Showing posts with label fun. Show all posts
Showing posts with label fun. Show all posts

Tuesday, February 17, 2009

Free Gardening Supplies + Beer


Over the weekend we jumped into our beater pickup truck to run a bunch of gardening-related errands. I'd been waiting for an opportunity to knock out several tasks in one run, and it was finally the right time. There's a mushroom farm not too far from Kennett Square that gives away free organic mushroom compost most Saturday mornings. We had to get on the road pretty early to get there in time, but man, what a deal. We didn't even have to load it.
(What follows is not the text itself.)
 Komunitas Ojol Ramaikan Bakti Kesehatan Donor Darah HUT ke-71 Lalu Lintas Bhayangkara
They had a conveyor belt contraption that just dumped the compost right into the bed of our truck. We had to get in line between much larger farm machines pulling much larger trailers to haul the compost around in. Clearly these farmers know a good thing when they find it. We were thrilled.
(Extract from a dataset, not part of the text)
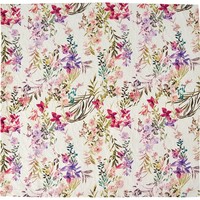 Sander Bianca Mitteldecke Tischdecke TischwäSche Blumen 85X85 Cm Ecru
Then off we went to another town in the area to drop off some seeds to a woman who had participated in the group ordering we did last month. She had mentioned that she had a large stand of bamboo, and that we were welcome to come and help ourselves to as much of it as we wanted. We did. I cut down twenty shafts, which, after trimming, we were able to cut into 11-foot sections with remainders 6 to 8 feet long . I want them to create six bean teepees for my garden this year. I'll use the longer sections for the teepees, and the shorter pieces for whatever else suggests itself. We stuffed the bamboo poles into the compost in the bed of the truck and recovered it all with a tarp.

Then it was off to a lunch break and a meetup with Meg & Kelly of Future House Farm at the Victory Brewing brewpub in Downington. We thought it very fitting, parking our beater truck in the brewery's parking lot with this bumper sticker on it. It was good to meet the "Pirate Farm" folks, as my husband calls them, and to chat about sustainability, books by Michael Pollan and Barbara Kingsolver, and food and beer of course. They're gardening-cooking-hen keeping folks themselves, and they're the ones that got me thinking in the first place about using bamboo in the garden. My husband was keen to hear about the rain barrel system they set up for their watering needs. He also indulged in a growler purchase, filled with a Victory brew.

After a lunch of satisfying food and conversation, we were off to our last freebie stop. I collected a few more composting worms from the third person to respond to my pleas for them. Two other women had kindly given me a few worms, but the total amount was pretty small compared to the size of the bin I'm using for them. So another addition wasn't amiss.

On the way home we had a funny encounter with a hugely enthused Asian man pulling up alongside us in a minivan while cruising along at 55 mph on the highway. He beckoned for me to roll down my window while his wife looked eagerly on. We were mystified, but I rolled down my window. "Where'd you get the bamboo?" he yelled excitedly. I shouted out the name of the town where we had cut it that morning, and he asked, "Is there somewhere to buy it?!?" I smiled ruefully, shook my head and watched his face fall. But he said thanks and drove off. We wondered whether we could've made some ready cash if we'd pulled over and offered to sell our poles on the spot.

The bamboo poles will be used to grow some Cherokee Trail of Tears beans and Hutterite Soup beans this year. Most of the mushroom compost will go into the raised beds we've yet to make for the asparagus crowns that will arrive in a few months.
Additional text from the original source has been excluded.